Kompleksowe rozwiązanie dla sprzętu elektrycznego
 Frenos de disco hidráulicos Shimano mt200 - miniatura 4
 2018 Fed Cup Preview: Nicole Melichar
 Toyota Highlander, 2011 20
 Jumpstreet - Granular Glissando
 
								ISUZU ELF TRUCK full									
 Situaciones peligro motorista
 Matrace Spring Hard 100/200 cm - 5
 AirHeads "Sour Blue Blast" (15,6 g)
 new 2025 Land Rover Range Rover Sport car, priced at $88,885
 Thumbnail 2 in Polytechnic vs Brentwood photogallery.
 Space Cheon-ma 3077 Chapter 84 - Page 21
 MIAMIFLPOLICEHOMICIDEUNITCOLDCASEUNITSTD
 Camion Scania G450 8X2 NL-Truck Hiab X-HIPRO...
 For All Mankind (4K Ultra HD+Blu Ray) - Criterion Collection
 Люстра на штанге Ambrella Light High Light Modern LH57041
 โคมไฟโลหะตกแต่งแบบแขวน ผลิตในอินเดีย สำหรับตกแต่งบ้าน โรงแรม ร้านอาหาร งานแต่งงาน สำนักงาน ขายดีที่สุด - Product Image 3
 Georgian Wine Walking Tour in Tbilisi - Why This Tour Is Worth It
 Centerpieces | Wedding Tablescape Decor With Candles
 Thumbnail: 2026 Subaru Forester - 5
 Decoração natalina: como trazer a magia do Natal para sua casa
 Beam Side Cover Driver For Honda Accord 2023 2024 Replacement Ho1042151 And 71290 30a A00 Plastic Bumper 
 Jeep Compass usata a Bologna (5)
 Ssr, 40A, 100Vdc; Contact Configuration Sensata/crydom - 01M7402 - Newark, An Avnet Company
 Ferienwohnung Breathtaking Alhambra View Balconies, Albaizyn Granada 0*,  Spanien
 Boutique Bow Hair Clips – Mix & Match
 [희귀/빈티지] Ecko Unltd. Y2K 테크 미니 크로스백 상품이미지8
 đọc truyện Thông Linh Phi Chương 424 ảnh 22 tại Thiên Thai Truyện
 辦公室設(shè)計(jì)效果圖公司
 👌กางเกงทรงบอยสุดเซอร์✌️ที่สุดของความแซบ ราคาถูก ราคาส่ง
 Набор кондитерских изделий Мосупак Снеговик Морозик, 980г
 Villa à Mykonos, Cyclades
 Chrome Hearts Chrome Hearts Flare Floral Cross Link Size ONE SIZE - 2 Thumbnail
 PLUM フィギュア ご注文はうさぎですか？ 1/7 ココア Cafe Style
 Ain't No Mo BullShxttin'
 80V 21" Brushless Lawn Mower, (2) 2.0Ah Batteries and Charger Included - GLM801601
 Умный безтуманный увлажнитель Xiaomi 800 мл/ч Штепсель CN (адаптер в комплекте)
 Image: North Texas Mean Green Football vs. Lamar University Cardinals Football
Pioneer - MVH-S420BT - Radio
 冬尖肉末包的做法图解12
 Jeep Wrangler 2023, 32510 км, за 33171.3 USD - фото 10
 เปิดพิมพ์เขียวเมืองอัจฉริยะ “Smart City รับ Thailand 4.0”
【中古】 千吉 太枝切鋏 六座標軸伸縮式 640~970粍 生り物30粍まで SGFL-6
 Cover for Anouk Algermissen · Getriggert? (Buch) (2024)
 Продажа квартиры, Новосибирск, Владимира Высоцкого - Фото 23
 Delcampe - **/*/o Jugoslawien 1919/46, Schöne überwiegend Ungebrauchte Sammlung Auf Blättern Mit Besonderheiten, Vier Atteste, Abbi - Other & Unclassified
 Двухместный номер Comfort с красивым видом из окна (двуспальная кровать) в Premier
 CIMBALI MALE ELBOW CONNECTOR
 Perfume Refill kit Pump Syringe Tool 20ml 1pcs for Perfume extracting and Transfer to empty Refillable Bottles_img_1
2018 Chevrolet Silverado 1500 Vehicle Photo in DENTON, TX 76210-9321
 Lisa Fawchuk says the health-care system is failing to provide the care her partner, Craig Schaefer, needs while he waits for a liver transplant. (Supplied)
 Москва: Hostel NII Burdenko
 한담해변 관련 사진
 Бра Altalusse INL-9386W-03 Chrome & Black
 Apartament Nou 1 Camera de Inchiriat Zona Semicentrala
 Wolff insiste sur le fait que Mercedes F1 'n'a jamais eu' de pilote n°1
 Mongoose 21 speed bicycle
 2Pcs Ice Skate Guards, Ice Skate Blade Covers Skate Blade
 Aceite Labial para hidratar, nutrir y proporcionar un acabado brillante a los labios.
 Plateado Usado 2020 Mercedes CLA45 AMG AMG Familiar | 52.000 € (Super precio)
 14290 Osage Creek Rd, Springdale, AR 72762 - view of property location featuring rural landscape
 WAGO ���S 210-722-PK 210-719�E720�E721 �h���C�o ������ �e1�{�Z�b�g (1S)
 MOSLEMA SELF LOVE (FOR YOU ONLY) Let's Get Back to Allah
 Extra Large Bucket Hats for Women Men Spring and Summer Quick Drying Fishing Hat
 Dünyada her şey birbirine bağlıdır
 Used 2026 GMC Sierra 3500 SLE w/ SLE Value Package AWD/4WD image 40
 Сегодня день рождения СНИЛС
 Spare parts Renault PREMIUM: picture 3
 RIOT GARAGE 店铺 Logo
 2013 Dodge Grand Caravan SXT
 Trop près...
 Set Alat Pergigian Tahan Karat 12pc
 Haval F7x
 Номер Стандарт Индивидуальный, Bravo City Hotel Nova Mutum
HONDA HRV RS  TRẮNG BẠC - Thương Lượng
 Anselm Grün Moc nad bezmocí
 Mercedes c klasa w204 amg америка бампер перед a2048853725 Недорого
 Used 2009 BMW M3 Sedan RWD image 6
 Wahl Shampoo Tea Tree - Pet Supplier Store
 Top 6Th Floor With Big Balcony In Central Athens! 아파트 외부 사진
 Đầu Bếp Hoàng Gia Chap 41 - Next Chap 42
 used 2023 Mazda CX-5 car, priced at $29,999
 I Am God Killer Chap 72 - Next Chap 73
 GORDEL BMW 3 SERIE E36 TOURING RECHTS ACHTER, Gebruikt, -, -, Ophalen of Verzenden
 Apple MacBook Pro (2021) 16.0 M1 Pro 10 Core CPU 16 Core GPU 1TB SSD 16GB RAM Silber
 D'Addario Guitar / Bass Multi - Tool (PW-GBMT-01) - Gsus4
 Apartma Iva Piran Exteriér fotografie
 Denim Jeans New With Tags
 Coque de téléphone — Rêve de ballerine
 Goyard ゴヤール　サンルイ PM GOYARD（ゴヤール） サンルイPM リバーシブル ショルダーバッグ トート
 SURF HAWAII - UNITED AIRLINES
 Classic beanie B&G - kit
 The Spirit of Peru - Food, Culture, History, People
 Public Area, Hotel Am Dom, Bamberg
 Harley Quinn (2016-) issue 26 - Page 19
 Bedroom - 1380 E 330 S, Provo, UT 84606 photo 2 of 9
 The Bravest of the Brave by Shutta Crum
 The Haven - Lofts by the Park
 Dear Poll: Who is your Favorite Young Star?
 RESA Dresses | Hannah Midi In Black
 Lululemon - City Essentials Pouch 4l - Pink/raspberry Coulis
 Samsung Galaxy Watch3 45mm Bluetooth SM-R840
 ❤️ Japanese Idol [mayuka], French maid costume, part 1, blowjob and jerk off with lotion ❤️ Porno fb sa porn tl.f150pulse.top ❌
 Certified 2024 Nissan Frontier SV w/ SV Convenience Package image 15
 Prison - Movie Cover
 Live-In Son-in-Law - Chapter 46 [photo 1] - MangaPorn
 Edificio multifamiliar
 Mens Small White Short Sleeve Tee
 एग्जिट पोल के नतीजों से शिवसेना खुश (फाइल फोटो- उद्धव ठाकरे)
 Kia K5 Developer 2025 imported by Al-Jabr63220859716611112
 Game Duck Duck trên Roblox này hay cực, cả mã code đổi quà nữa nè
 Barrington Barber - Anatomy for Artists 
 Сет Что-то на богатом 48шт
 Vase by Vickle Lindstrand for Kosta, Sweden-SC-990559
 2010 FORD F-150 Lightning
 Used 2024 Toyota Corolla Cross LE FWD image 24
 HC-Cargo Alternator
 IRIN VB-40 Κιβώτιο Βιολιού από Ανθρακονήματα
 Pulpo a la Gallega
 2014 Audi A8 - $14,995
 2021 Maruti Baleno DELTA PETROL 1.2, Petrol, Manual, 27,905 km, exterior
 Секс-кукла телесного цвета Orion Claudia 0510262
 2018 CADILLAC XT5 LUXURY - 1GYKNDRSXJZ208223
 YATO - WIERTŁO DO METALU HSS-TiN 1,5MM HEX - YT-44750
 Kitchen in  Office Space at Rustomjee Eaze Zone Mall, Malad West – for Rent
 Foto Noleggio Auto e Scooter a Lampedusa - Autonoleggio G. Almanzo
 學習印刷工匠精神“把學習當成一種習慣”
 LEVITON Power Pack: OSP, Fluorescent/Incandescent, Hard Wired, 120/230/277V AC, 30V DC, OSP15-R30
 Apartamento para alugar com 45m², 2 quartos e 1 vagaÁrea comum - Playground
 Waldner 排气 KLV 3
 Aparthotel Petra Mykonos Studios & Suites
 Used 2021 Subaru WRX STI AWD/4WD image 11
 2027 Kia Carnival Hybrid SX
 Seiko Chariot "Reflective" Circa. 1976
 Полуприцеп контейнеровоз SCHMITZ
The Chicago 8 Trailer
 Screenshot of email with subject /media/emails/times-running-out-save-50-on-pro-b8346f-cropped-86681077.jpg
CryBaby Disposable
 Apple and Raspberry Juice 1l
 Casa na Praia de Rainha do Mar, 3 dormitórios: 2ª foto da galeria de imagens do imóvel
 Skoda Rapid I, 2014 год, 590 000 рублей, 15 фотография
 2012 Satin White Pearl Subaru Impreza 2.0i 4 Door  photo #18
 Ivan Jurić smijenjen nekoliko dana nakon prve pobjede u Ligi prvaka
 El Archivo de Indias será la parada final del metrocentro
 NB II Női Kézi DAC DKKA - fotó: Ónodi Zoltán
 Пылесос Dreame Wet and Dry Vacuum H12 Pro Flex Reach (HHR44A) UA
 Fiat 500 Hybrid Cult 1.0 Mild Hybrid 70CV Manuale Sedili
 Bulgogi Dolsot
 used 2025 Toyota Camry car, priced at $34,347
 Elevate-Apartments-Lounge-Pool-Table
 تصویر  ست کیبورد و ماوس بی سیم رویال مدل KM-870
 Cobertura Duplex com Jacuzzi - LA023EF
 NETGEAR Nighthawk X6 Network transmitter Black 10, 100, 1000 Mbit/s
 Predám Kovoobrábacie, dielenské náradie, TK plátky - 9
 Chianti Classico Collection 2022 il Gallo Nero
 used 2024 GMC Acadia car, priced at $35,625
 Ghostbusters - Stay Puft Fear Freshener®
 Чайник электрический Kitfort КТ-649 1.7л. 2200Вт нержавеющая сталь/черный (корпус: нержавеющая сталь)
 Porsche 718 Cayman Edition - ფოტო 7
====
- [Exercise instructions]: Everything from the line containing "Predám Kovoobrábacie, dielenské" to the final line of the entries above should be output exactly, and nothing more.

- [Response]:
 Predám Kovoobrábacie, dielenské náradie, TK plátky - 9
 Chianti Classico Collection 2022 il Gallo Nero
 used 2024 GMC Acadia car, priced at $35,625
 Ghostbusters - Stay Puft Fear Freshener®
 Чайник электрический Kitfort КТ-649 1.7л. 2200Вт нержавеющая сталь/черный (корпус: нержавеющая сталь)
 Porsche 718 Cayman Edition - ფოტო 7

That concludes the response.